Outi’s blog was one of the first food / health blogs that I ever read with great passion and interest. I think I even made my first raw food trials with her porridge recipes. A few years passed and we met and got to know each other in some blogging events and I still actively read Outi’s blog, which is unfortunately only in Finnish. Outi is an amazing recipe innovator, which can be seen in her new book. In addition to inspiring recipes, the book also offers a lot of information about wholesome ingredients and the connection between mind and the food we eat. I learned a lot by reading her book and of course there’s a lot of recipes I want to try. The first thing I did was this focaccia, which turned out great. Actually it turned out amazing. I loved it. And it tasted good even the next day, which is not the norm for many gluten free breads. But a word of warning: you might not be able to save this for the next day as it will be savored as soon as you serve it. So be quick and take a bite all by yourself before you have to share it with anyone ;)

gluten free focaccia

Gluten free Oat & Buckwheat Focaccia

adapted from Mielekkäät eväät (in Finnish)

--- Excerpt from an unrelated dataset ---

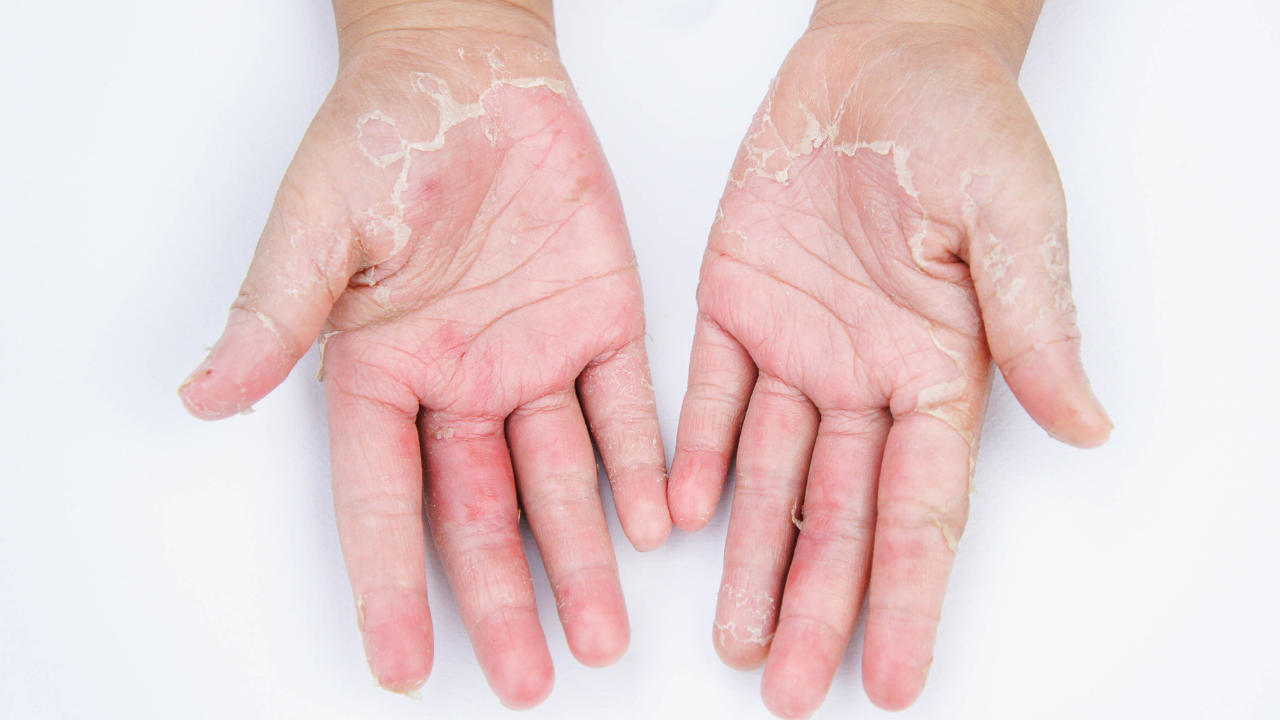 causes of skin peeling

notes: the original recipe had tapioca flour but I used potato starch instead, which worked well too. also, I didn’t have any xanthan gum so I just skipped it.

makes one

1 3/4 cups water (heated to about 40 °C)
2 tbsp psyllium husk seeds or 1 tbsp psyllium husk powder
1 1/4 tsp dry yeast
1 tbsp organic honey
1 cup buckwheat flour
2/3 cups potato starch (or tapioca flour)
2/3 cups gluten free oat flour
(2 tsp xanthan gum)
1 1/2 tsp salt
about 1/2 cup extra virgin olive oil

On top:

olive oil
fresh rosemary
cherry tomatoes
sundried tomatoes
artichoke hearts
sea salt

METHOD:

1. Whisk in a large bowl water, psyllium, yeast and honey. Stir together different flours (+ xanthan gum) and salt in another bowl. Mix the dry ingredients to the liquid together with the olive oil. Mix until smooth. The dough can be quite runny, like a muffin dough. Cover the bowl and put to a warm place to rise for 30 minutes.

2. Line a 26 cm diameter round cake pan with a baking sheet. Cut the cherry tomatoes in half and chop sun-dried tomatoes and artichokes. Pour the batter into the cake pan and shape with a spoon or by hand into a flat bread. Press small holes with your fingers and put cherry tomatoes, sun-dried tomatoes, artichoke and rosemary to the holes.

3. Transfer the bread in a cold oven and put the oven to warm up to 190 (fan-assisted oven 175) °C degrees. Bake for about 45 minutes counting from when the oven has heated up. The bread is ready when it has a nice golden brown color. Set the baking paper on the rack to cool. Cut into squares, serve and enjoy!